La noche era oscura. El universo, infinito. El tiempo, una quimera. El espacio, surreal. Y mi mente… “por eso, tenemos que estar juntos. Si vamos a tomar una decisión, tenemos que tomarla como comunidad, si vamos a realizar ceremonia de toma de remedio, tenemos que ir todos. Esta noche vamos a realizar toma para armonizar”. ¿Por qué se me grabaron en la memoria las palabras que el gobernador dijo antes de salir a la ceremonia? ¿Por qué recuerdo haberlas visto nítidas, claras, en algún momento de la noche?
La palabra “armonizar” sonaba como un susurro en mi oído. Hablándome al oído también estaban aquellas personas que tienen significado para mí: Lucho, Juan, Ana, Fredy, Luisa, Sandra, Sebas… don Alberto. ¿Fue, acaso, cierto? Algo dentro de mí quiere creer que así. Si no, ¿por qué son tan potentes tales imágenes? Hubo bulla. Hubo música. Una armónica y su melodía relajante. El penetrante olor a incienso. Imágenes y sensaciones de una noche que aún no sé cómo explicar. Ni contar.
A veces creo que el bullicio y la algarabía de esa noche eran parte de mi sueño. O tal vez no. Sólo sé que, sin darme cuenta, la luz del amanecer comenzó a llenar la Casa. A mi lado, un grupo de indígenas tocaban música autóctona que producía una sensación de profundo bienestar. Apenas fue moverme en mi sitio cuando un miembro de la Guardia se me acercó y me dijo: “Ya puede tomar fotos si quiere”. Me sentí aceptado por la comunidad.
“Tú no buscas el yajé. Él te busca a ti”, decía una voz dentro de mí, una voz que no era la mía, la que escucho todos los días cuando hablo, discuto y peleo conmigo mismo. ¿Volveré a repetir semejante experiencia?
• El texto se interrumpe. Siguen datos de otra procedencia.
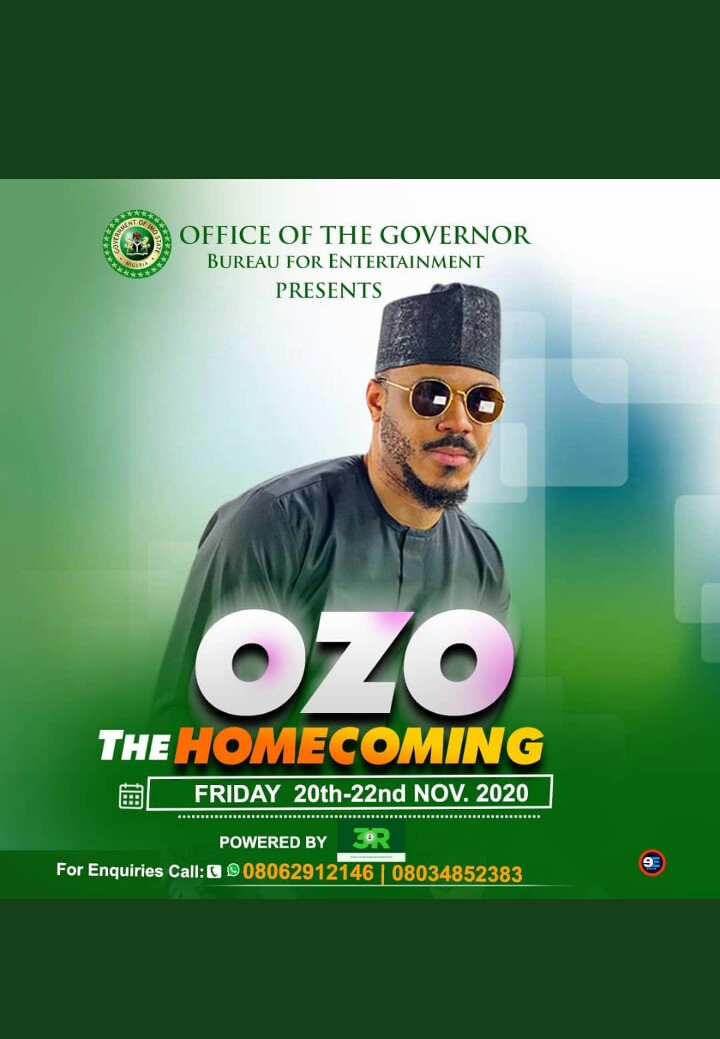 nnenna_philip's tweet photo. Coming Home In Grand Style Like The KING He Is
For 3 WHOLE Days, Imo State Will Stand Still For This Worthy Son
With FULL State Govt Support
20th - 22nd Nov 2020
Ozoemena Is Nobody's Mate I Beg
Nwokeoma😍😍
#OZOthevip
#BBNaija https://t.co/sRt9CrQeea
Aún no sé. Sólo sé que Taita Pablo no quiso abandonar el lugar sin antes dirigirles unas cuantas palabras a los miembros de la Guardia Indígena y que, luego de aquel día, al escuchar ciertas palabras, siento que tienen vida propia, entran por mi epidermis, afectan algo dentro de mí: armonía. Hermandad. Amor. Dedicación. Yajé.